--- START ---

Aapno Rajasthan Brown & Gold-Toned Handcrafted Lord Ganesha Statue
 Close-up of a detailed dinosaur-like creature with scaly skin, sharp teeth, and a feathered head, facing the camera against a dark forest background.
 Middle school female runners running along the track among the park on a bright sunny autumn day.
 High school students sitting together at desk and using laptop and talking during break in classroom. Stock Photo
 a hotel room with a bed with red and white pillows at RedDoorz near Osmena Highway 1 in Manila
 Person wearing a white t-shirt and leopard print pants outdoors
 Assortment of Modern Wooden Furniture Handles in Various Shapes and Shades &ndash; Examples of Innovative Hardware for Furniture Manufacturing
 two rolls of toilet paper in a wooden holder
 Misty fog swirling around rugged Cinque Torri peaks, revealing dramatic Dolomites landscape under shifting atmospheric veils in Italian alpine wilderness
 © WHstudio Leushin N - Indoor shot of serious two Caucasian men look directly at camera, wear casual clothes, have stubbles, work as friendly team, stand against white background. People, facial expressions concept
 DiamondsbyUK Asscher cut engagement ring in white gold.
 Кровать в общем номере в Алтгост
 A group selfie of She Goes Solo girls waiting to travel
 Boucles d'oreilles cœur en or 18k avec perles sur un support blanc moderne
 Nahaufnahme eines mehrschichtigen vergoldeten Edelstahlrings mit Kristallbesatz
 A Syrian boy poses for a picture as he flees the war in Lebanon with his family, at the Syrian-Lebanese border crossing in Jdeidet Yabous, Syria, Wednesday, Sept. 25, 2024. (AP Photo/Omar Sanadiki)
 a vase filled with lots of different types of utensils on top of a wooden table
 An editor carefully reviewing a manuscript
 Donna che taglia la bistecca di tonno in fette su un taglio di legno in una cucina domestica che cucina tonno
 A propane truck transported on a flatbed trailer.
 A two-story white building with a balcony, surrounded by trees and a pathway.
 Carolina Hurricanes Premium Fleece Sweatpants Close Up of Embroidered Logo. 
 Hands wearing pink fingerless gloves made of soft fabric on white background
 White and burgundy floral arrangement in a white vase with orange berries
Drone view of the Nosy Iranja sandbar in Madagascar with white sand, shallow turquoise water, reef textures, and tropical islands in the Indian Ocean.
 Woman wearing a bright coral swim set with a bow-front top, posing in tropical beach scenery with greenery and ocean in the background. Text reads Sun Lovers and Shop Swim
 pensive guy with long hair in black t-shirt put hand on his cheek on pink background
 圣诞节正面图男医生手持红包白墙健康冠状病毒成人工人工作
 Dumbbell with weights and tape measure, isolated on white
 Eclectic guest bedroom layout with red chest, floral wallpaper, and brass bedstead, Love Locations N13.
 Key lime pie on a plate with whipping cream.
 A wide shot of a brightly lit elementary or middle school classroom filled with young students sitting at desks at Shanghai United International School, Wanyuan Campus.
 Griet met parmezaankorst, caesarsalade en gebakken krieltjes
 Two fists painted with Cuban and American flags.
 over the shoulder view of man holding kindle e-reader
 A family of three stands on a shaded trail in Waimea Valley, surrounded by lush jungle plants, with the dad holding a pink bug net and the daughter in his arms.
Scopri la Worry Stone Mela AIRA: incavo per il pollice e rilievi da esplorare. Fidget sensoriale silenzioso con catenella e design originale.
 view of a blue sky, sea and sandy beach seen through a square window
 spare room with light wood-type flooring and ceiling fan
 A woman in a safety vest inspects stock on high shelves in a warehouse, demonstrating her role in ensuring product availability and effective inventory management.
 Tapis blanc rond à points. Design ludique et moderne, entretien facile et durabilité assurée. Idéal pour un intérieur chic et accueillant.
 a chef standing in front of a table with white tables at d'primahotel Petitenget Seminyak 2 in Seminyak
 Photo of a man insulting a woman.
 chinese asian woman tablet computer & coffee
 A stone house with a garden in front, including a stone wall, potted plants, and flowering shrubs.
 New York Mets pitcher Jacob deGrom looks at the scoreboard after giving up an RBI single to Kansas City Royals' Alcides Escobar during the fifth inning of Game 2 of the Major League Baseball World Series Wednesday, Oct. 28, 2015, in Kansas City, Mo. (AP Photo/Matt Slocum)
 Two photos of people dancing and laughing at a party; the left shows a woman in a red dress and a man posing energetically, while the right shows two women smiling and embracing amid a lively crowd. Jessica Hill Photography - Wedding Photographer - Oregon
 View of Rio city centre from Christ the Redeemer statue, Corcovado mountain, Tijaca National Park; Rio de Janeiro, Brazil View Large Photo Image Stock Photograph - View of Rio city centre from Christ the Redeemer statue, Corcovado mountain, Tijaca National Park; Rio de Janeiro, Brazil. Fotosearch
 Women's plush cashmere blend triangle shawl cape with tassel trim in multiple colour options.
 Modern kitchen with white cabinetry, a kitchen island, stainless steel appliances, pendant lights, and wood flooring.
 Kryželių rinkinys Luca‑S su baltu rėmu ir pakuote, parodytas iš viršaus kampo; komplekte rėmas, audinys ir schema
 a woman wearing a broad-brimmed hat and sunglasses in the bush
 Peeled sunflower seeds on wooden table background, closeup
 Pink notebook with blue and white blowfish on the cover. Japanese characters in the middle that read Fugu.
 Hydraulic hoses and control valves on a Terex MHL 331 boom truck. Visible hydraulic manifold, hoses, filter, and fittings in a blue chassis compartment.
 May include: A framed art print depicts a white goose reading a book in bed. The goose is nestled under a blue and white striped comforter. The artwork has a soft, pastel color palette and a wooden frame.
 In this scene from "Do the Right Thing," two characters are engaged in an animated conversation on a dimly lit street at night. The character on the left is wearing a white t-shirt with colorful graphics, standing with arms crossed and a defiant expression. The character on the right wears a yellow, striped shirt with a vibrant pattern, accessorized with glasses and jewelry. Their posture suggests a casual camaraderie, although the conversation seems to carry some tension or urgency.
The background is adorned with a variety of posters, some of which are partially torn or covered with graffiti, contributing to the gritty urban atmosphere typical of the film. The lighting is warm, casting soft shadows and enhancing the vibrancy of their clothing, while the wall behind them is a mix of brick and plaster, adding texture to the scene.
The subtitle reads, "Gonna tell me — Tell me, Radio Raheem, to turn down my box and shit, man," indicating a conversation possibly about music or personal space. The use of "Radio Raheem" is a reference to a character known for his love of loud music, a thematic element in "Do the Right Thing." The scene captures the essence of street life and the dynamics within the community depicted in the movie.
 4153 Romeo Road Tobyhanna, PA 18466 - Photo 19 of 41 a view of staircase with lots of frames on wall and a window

--- END ---

> [WORK TO BE COMPLETED]
Copy the lines from the entries above in which the word "characters" appears.

> [YOUR RESPONSE]
 Pink notebook with blue and white blowfish on the cover. Japanese characters in the middle that read Fugu.
 In this scene from "Do the Right Thing," two characters are engaged in an animated conversation on a dimly lit street at night. The character on the left is wearing a white t-shirt with colorful graphics, standing with arms crossed and a defiant expression. The character on the right wears a yellow, striped shirt with a vibrant pattern, accessorized with glasses and jewelry. Their posture suggests a casual camaraderie, although the conversation seems to carry some tension or urgency.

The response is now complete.